Ela morde o lábio inferior e parece hesitar um pouco. Uma mexa escapa para seu rosto e ela coloca atrás da orelha.
— Eu vim com o rabo entre as patas.
— E orelhas caídas? - provoco.
— Totalmente. - Ela suspira. - Gostaria de ver a casa, Benício, eu cheguei hoje cedo e estou procurando uma e as únicas que encontrei não parecem boas.
— Eu avisei…
Ela revira os olhos.
— Eu estava torcendo para você não dizer isso.
— Eu precisava, não seria eu se não dissesse. Sofia?
Ela aponta do corredor que está organizando.
— Sim, Chefe?
— Você fica aqui um pouco? Preciso sair rapidinho.

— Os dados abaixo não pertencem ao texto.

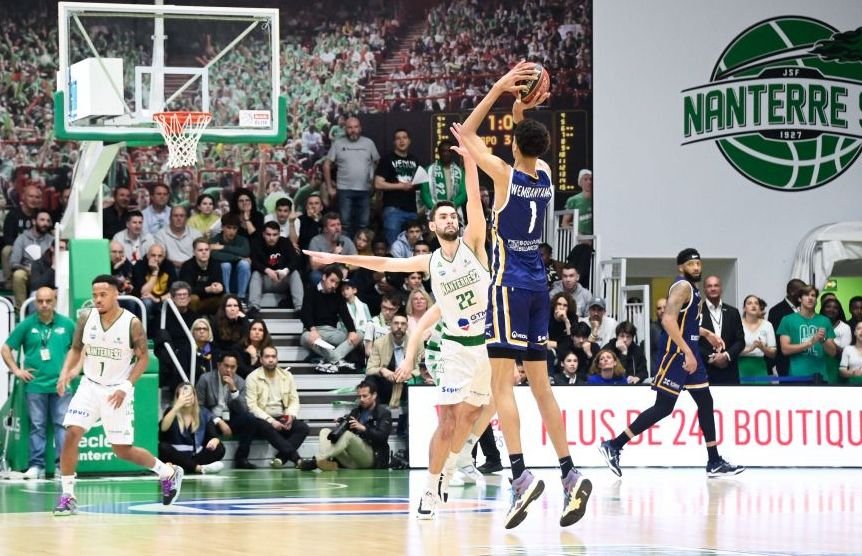 El este Victor Wembanyama, numărul 1 din draftul NBA pe 2023: are 2,21 metri și 55 la picior la 19 ani! LeBron James: ”E extraterestru”_5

— Claro! - Ela me responde.
Eu peço licença para Charlene, vou até o pequeno escritório que tenho ali e pego a chave.
— Vem comigo?
Ela assente e nós saímos da loja, a entrada da parte de cima fica do lado. Há uma escada e quando subimos, antes mesmo de Charlene falar algo, eu vejo a satisfação em seu rosto. A sala, copa e cozinha são separadas apenas pela distribuição dos móveis, há dois quartos, um banheiro e um quarto menor que era o escritório, esses são separados por paredes.

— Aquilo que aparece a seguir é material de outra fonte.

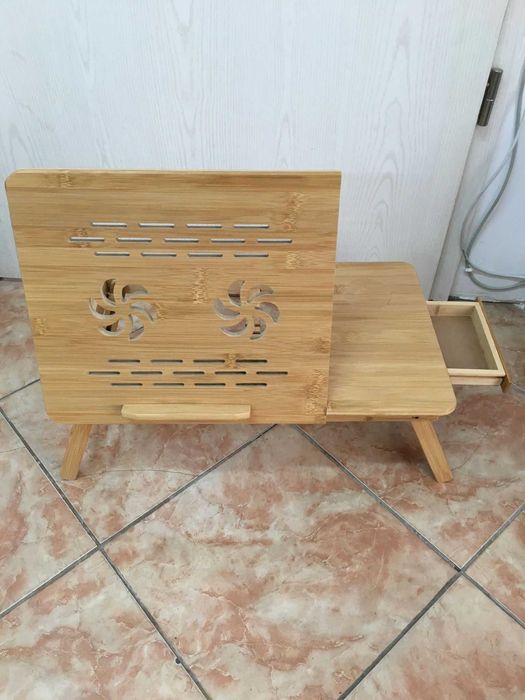 Suport pentru laptop pliabil din bambus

— Você disse que era mobiliada, mas não imaginei que estava tão completa assim. Isso é excelente! - Ela diz.
— Eu morei aqui um tempo.
— Tudo isso você que escolheu?
— Não, só a cozinha. Cecília mobiliou para mim.

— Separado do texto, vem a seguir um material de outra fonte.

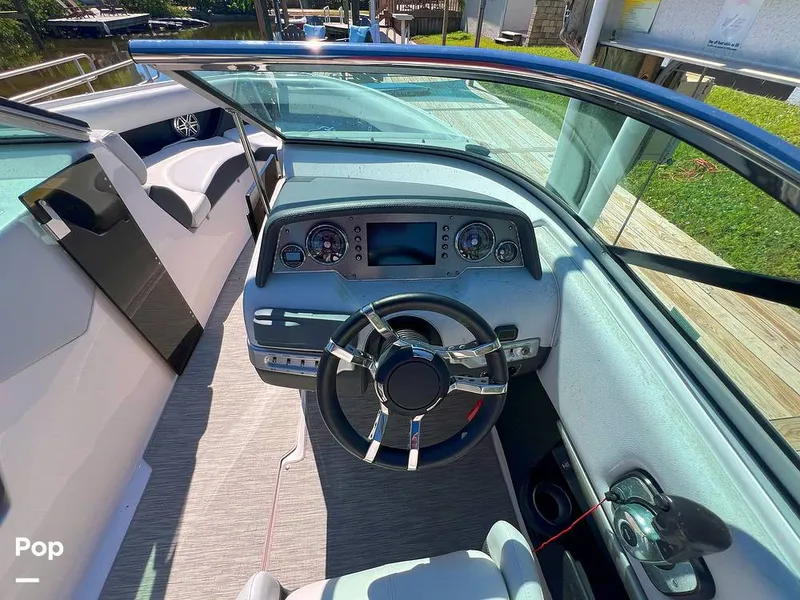 Slide: The Image of Regal 24 FasDeck RX 2015 - 15893784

Eu não dou detalhes dessa época da minha vida. Eu já deixei claro que Cecília e eu não somos namorados e nunca fomos. Charlene não precisa de mais explicações.
— Só tem um probleminha. - Eu digo.
— Qual?
Eu a levo até o quarto menor que foi feito de escritório.
— Não sei se é bem um problema. Essa porta dá para a livraria. Ela fica trancada, nós não usamos. Eu só tenho uma chave e posso deixar com você se quiser. É muito ruim?
— Deus me livre de você deixar essa chave comigo e se sumir algo da sua livraria?
Eu levanto uma sobrancelha.
— Você acha que eu vou te acusar de roubo? O mesmo vale pra mim, se sumir algo de sua casa?
Ela sorri sem graça.
— Não é um problema para mim e eu não me importo de ficar com chave nenhuma. Está tudo bem.
Eu assinto. Nós voltamos para a sala e ela me olha. Eu vejo quando ela morde o lábio inferior e eu penso em beijá-lo. Isso me assusta pra caralho.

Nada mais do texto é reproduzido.